Information Page

Course Description:

This is a second course, after Stochastic Differential Equations, math 236 and Introduction to Mathematical Finance, math 238. Its aim at first is a very brief mathematical introduction to credit risk modelling, including the pricing of credit derivatives, and then intoduction to some models for systemic risk, primarily mean field models. The basic theory of large deviations is introduced and used as well.

Prerequisites for the course are math 236 (SDE) as well as probability at the level of Probability and Random Processes (Paperback) by Geoffrey R. Grimmett and David R. Stirzaker, Oxford University Press, and partial differential equations at the level of W. Strauss' book (Partial Differential Equations, Wiley, 1992) (math 227). The book by T. Bjork, Arbitrage Theory in Continuous time, used in math 238, is a general reference for background in mathematical finance.



Instructor:


Name Office Phone Office Hours email
George Papanicolaou 383V 723-2081 Thursday 2:00-4:00pm and by appointment papanico at math dot stanford dot edu

Textbook

There is no texbook in this class.

There is a set of notes for this class that was used a previous class. I will be writing notes for the lectures and posting them as we get into the material.


Grading Policy

The course grade will be based on a written preparation and an oral presentation of a project. There is no final or other exam.
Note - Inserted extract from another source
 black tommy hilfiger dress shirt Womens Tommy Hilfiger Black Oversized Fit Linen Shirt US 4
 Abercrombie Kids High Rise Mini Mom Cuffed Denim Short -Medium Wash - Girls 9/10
You must submit a one-page proposal for the project by May 3. The reports will be presented in class during the period May 14-June 5. You can do a project jointly with one partner, if you want. The projects can be the presentation of special topics not covered in class, dealing for example with special models, calibration or computational issues, etc. You can see what was done last year (2011) by going to the special directory online (access with password).